Staff already had discretion to extend deadlines, and in some offices have been open to sharing their files. But making these practices the default should lead to better outcomes for potential defendants and the Commission.
That said, the fine print is noteworthy. In Chairman Atkins’ October 2025 speech, he used mandatory language: staff “must” be forthcoming and “must” make every effort to share information. The Manual softens this to “should,” preserving staff discretion.
Judge Ryan’s February 2026 speech also reinforced both the opportunity and its limits. She emphasized the value of the Wells process as “an open, informed, and thoughtful dialogue” that benefits both sides. But she also warned the defense bar “not to mistake fairness for weakness,” noting that “deliberate circumvention of the process, including tactical tardiness and other games, will not be tolerated.”
Self-Reporting and Cooperation Credit
When companies uncover misconduct themselves, they often face the tough decision whether to self-report to regulators or prosecutors in the hope that – if there is ever an SEC or criminal action – they receive credit for cooperation in the form of reduced or eliminated penalties, or even an agreement to bring no charges whatsoever.
The new Manual provides clearer guidance on what the staff will consider “exemplary cooperation” by entities under investigation, including – in addition to self-reporting – summarizing internal investigation findings, identifying key documents and witnesses, translating foreign-language materials, and facilitating witness interviews. It also reiterates that SEC staff cannot require companies to waive attorney-client privilege as a condition of receiving cooperation credit (another focus of then-Commissioner Atkins article in 2008, when such demands were more common).
But notably, the Manual now includes language underscoring that companies that self-report misconduct will “rarely” get credit if the conduct has already been reported in the media or is under investigation by another government agency, which means that, particularly in matters that may become public by other means, time is of the essence. Of course, any decision whether to self-report will always depend on the specific facts and circumstances.
Formal Order Approval
As detailed in our recent article, What Happens When the SEC Calls, the SEC staff can take significant investigative steps by relying on voluntary document productions and cooperation from companies and individuals. But when companies or individuals cannot or will not turn over documents voluntarily, the staff needs to obtain subpoena authority via a statutorily required “Formal Order of Investigation.”
For decades, obtaining a formal order required the staff to send a memo to the full Commission. But in 2009, as a result of post-Madoff scandal reforms, the Commission “delegated” formal order authority to the staff, meaning that with appropriate supervisory sign-off, the Enforcement staff could issue subpoenas without explicit Commission approval. That process was tweaked during the first Trump administration to require that the approval come from the Director of Enforcement, rather than more junior officers. But in the early days of the current Trump administration, the Commission rescinded delegated authority altogether. The renewed requirement and new process for Commission approval is now memorialized in the Manual.
In most or all cases, when the SEC staff asks for subpoena authority, it will get it, even though it will take more time. It also remains quite possible that a future Commission may re-delegate formal order authority to the staff. But it is fair to assume that, at least through the end of the current administration, the pre-2009 process will remain in place.

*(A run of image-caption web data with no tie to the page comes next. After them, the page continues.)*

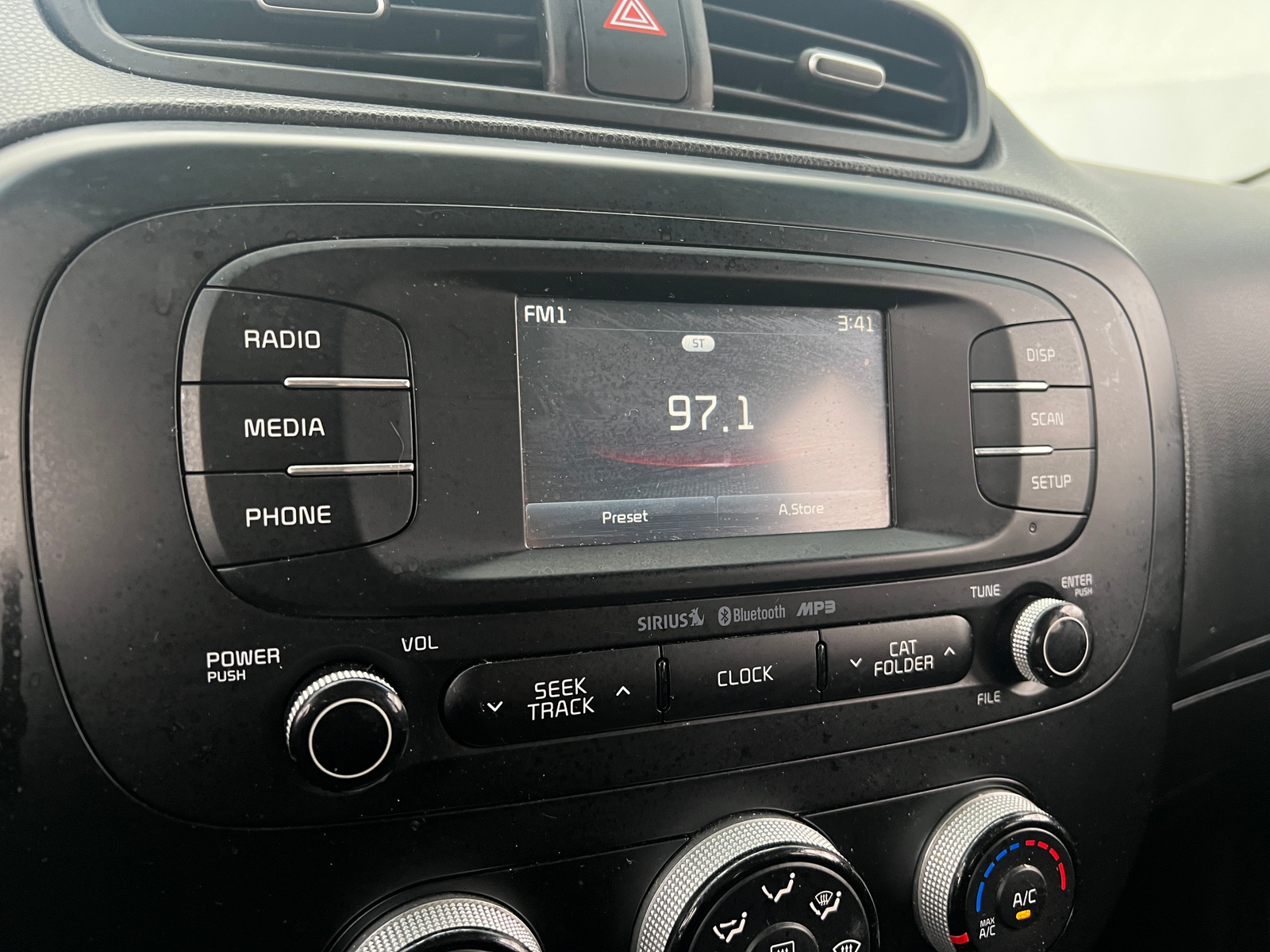 Thumbnail: 2016 Kia Soul - 4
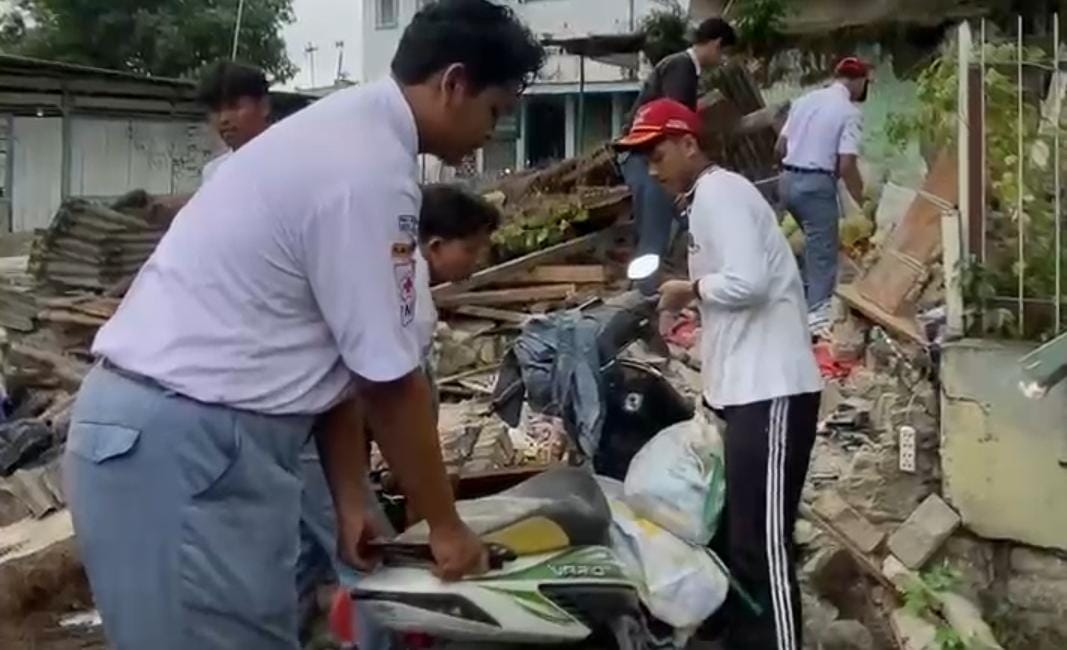 BREAKING NEWS! Kios Penjahit di Tegal Ambruk Timpa Sejumlah Motor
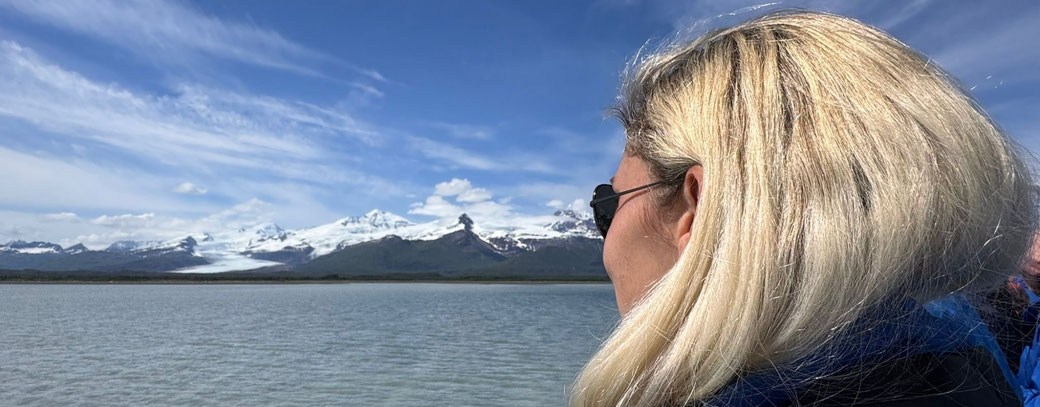 Anne Fischer von Emocaen Cruises auf der HANSEATIC inspiration guckt auf Berge in Alaska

Document Requests, Subpoenas, and Preservation Notices
One area where Chairman Atkins’ 2008 vision remains unfulfilled is document request reform. His 2008 article criticized “overly broad subpoenas” and “generic preservation notices” that impose unnecessary costs on companies – including third parties – that may never become defendants. He recommended requiring pre-approval of document requests by senior officials.
But the Manual contains no new requirement that document requests be reasonable or narrowly tailored, and no internal pre-approval process for requests to third parties except in unusual circumstances (e.g., requests to the media or law firms). So while companies that receive broad SEC subpoenas can continue to negotiate scope and deadlines, request rolling productions, and assert privilege, staff are not explicitly required to start off with proportionate requests.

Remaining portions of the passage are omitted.